# Unworthy to SUcceed



## jacqueline (26 Jul 2012)

How would one go about proving that someone was Unworthy to Succeed.

For example, Mother died , father lives, separated for 40 years, desertion , no child support or contact.

 yet the living parent who contributed nothing wants to claim. I have read about this UTS rule, and it just says, 
'
Being judged "unworthy to succeed" is not common but could arise if the spouse had deserted the deceased for at least two years prior to the death. '


How would one prove that? Considering the father left ireland and moved away for 40 years, could bank statements from England, tax returns from England be used  to prove desertion for more than two years?

Thanks for any help


----------



## mf1 (27 Jul 2012)

http://www.irishstatutebook.ie/1965/en/act/pub/0027/sec0120.html

If the spouse is insisting on taking a share, then an executor/administrator should consider, bearing in mind the value of the estate, if they should seek a  Court Order in the terms of section 120. 

mf


----------



## jacqueline (27 Jul 2012)

You're a Diamond. Thanks so much.!!!


----------



## Padraigb (27 Jul 2012)

Surely there is a big difference between testate and intestate estates?

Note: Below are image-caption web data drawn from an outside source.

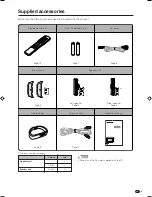 Предварительный просмотр 6 страницы Sharp Aquos LC-32GA3H Operation Manual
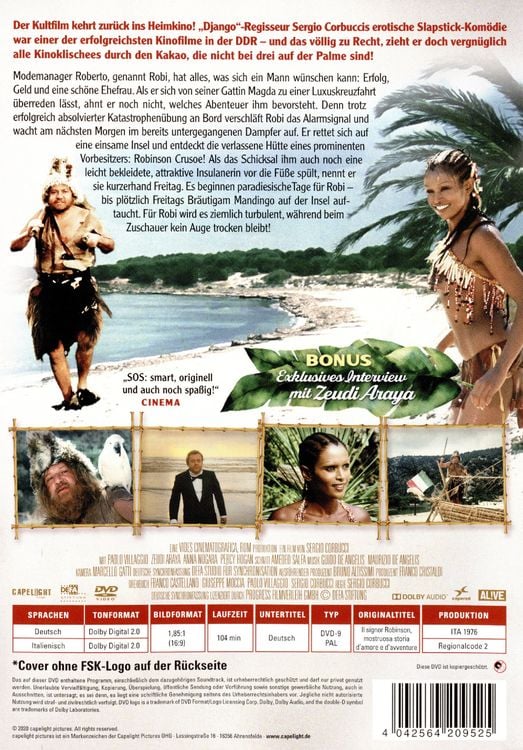 激安の Robinson jr. von Sergio Corbucci - DVD | Thalia その他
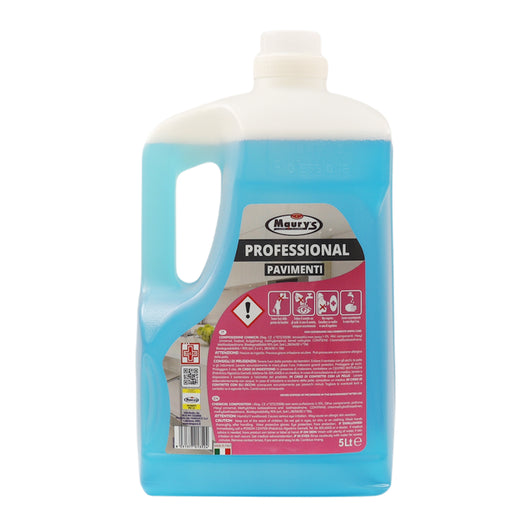 MAURY'S PROFESSIONAL 5LT DETERGENTE PAVIMENTI FIORI DI LOTO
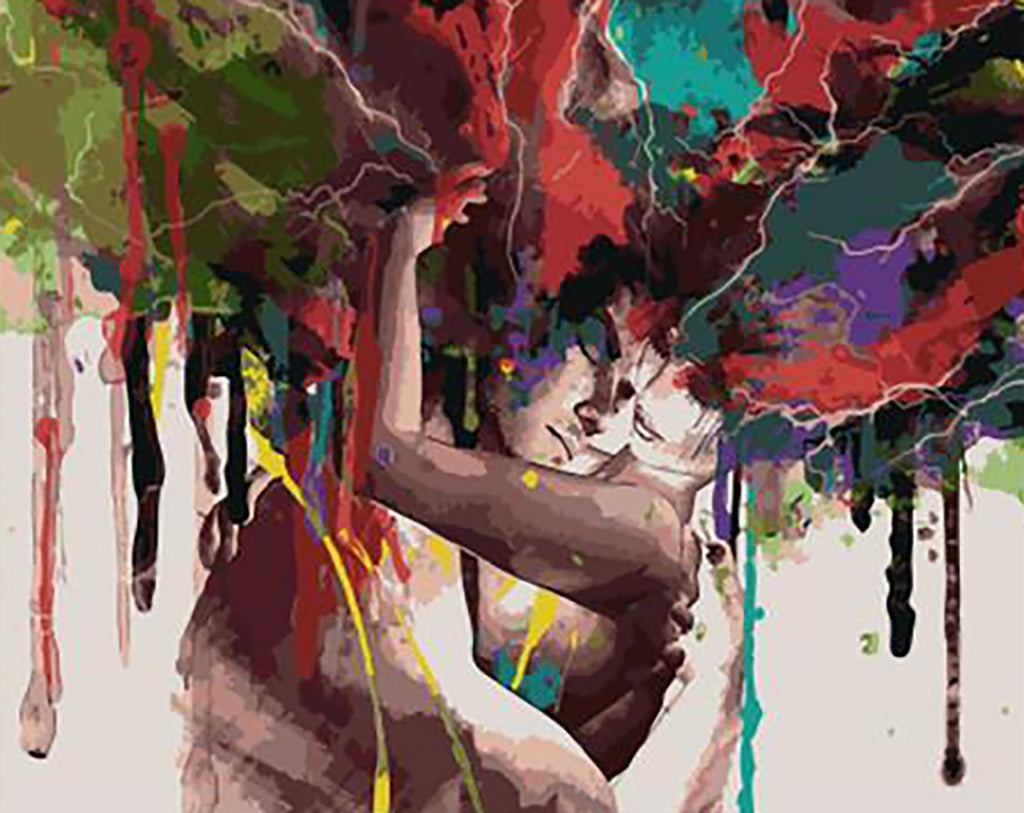 Couple Peinture par Numéros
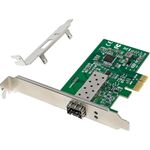 InLine Gigabit Netzwerkkarte 1x SFP Fiber 1Gb/s PCIe x1 inkl. LP Slotblech (51125N)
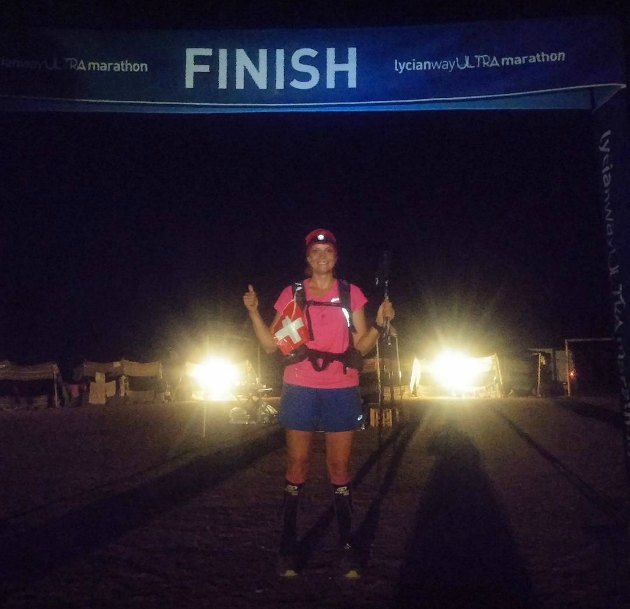 Likya Yolu Ultra Maratonu: Gece, kafa feneri ve köpek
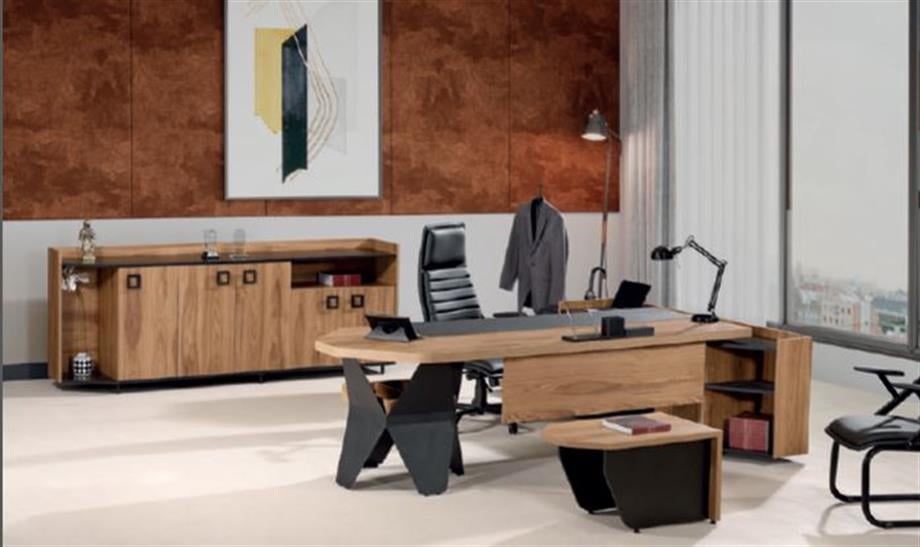MESSİNA MODERN OFİS MOBİLYA TAKIMI 265CM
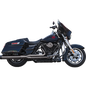 S&S CYCLE SIDEWINDER RACE ONLY LAVA CHROME 2:1 EXHAUST SYSTEM M8 HARLEY BAGGERS - The Speed Shop Canada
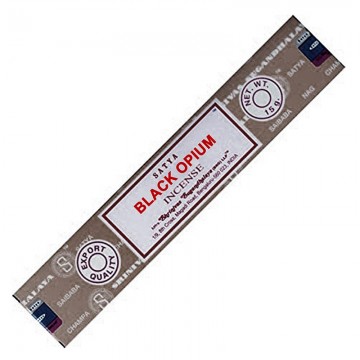 12 Satya Incense 15gr - Black opium Ethike Wholesale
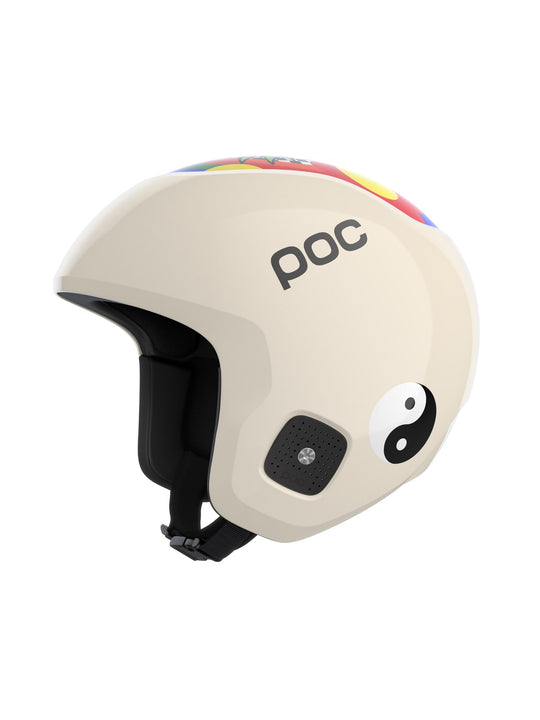 Załaduj obraz do przeglądarki galerii, Kask narciarski POC Skull Dura Jr - Speedy Dolcezza
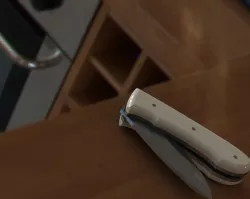 caki knife Free 3D model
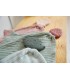 Dou-dou muslin with teether from Lässig | Cotton and rubber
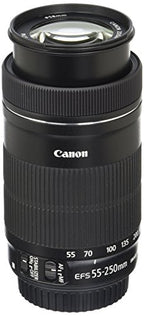 Canon EF-S55-250ISSTM 55-250mm f/4-5.6 IS STM Telephoto Lens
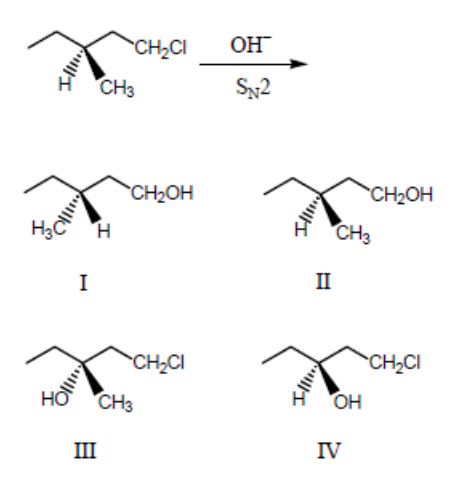 <p>What would be the major product of the following reaction?</p>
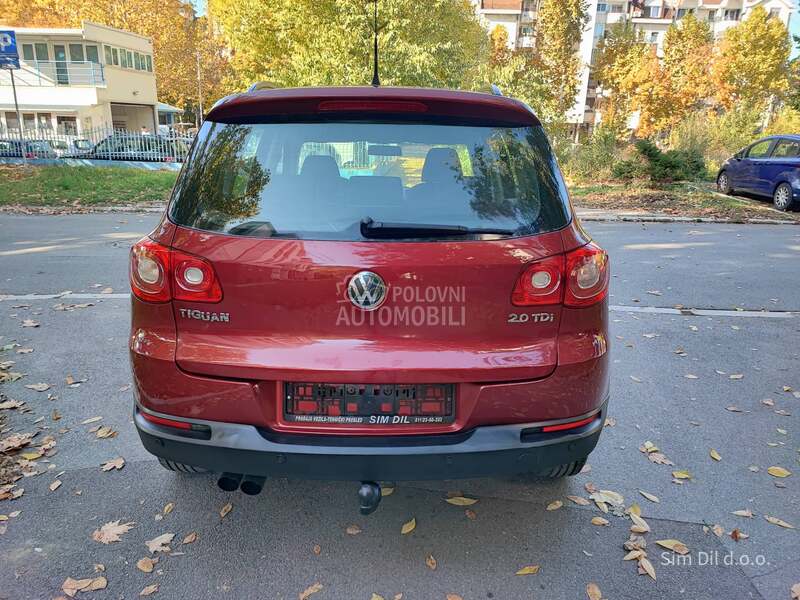 Volkswagen Tiguan 2.0TDCI 4x4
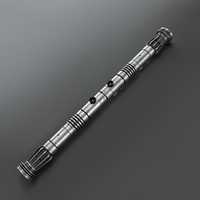 Sabre laser Nexussabers Darth Maul avec poignée métallique, vente directe usine, Force FX, pour duels intenses, verrouillage FOC, pour Star Wars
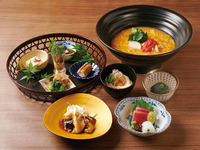 新おうどんの会席 5,000円＋飲み放題120分2,000円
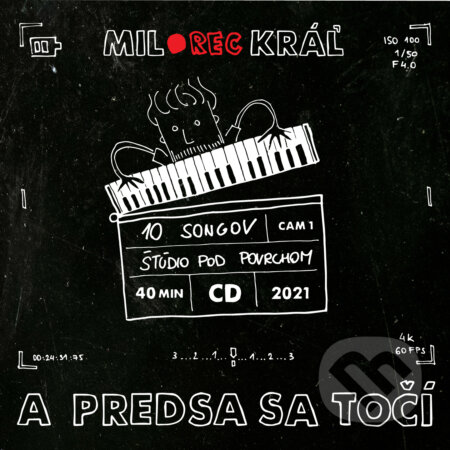 Hudobné CD: Milo Kráľ: A predsa sa točí (Hudobné albumy). Hudobné albumy, 2021 Hudobné CD: Milo Kráľ: A predsa sa točí (Hudobné albumy). Hudobné albumy, 2021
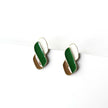 Orecchini Mikayla Enamel Twist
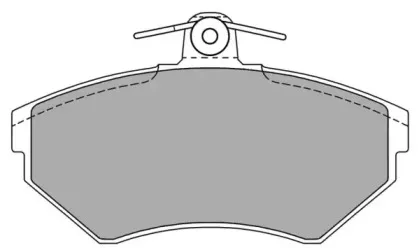 Комплект тормозных колодок, дисковый тормоз FREMAX купить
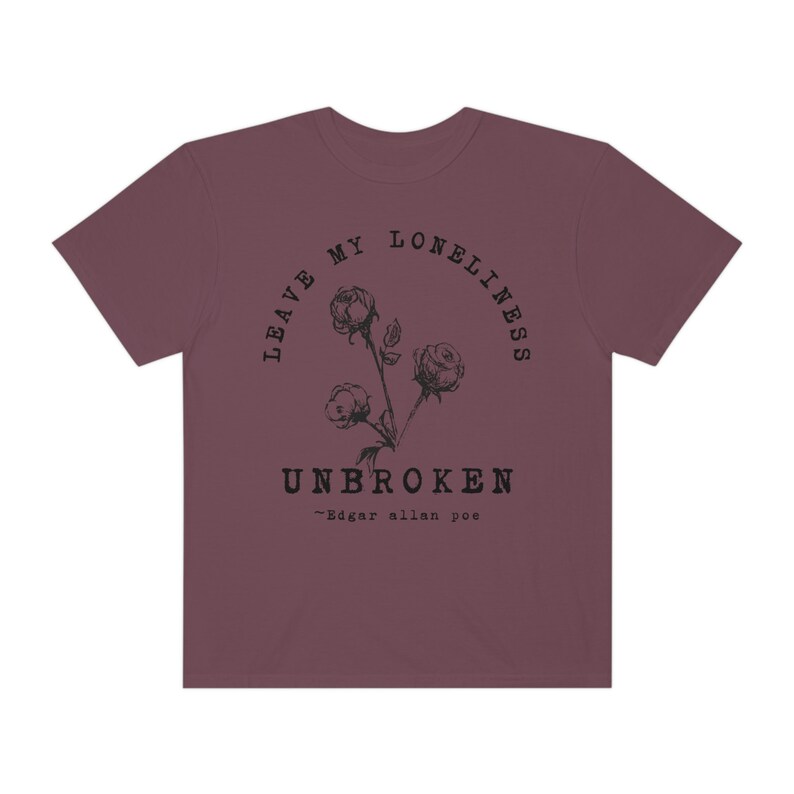 Edgar Allan Poe Dark Cottagecore Cottage Core Shirt Grunge Shirt Edgar Allen Poe Bookish Shirt Y2k Shirt Dark Academia Shirt Gothic Clothes Vineyard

If there is a will that excludes the deserting spouse, the onus of proving entitlement to the legal right share falls on the claimant, and the executor defends the action.

If there is no will, the administrator would need to seek a court order that the deserting spouse is unworthy to succeed.


----------



## jacqueline (27 Jul 2012)

There is no will. To be honest, there isnt a big lot of money involved either. But its just the principle of the thing. I dont want him to get even one euro from My Mother. he never gave us anything. I would rather put it in a bag and burn it on front of him.

Thats why I was initially asking how I would go about getting him excluded.

I was the subject of a Custody battle when I was about 2 or 3. he was ordered by Court to pay maintenence , given visitation etc, and never paid, nor visited.

I called high Court yesterday asking if I could see my old records. I was hoping that I could prove he was ordered by Court to do something  and never did it. I was also hoping I could get his tax records to prove he has lived away for 40 years.

Thanks for the interest and opinions. Much appreciated.


----------



## jacqueline (27 Jul 2012)

Would anyone know the costs of applying for Court Order for proving the deserting spouse is unworthy to succeed. is there a set ballpark figure of for example 100.00 euro. Or would it go up into the thousands?


----------



## Padraigb (27 Jul 2012)

You need to line up your ducks. First, are you the administrator of the estate, or is an application yet to be lodged? Or is somebody else lined up for that role? It is the administrator's place to deal with unworthiness to succeed. Is it intended to appoint a solicitor to do the work on behalf of the administrator?

You are not going to get his tax records or bank records without his collaboration, so that form of evidence is not likely to be available to you.

I presume that your mother raised you, and suppose that you remained in good contact with her when you reached adult years. Your own experience is strong evidence of his continuing desertion.

I am not a lawyer, so I can't help on the costs of seeking a court order.


----------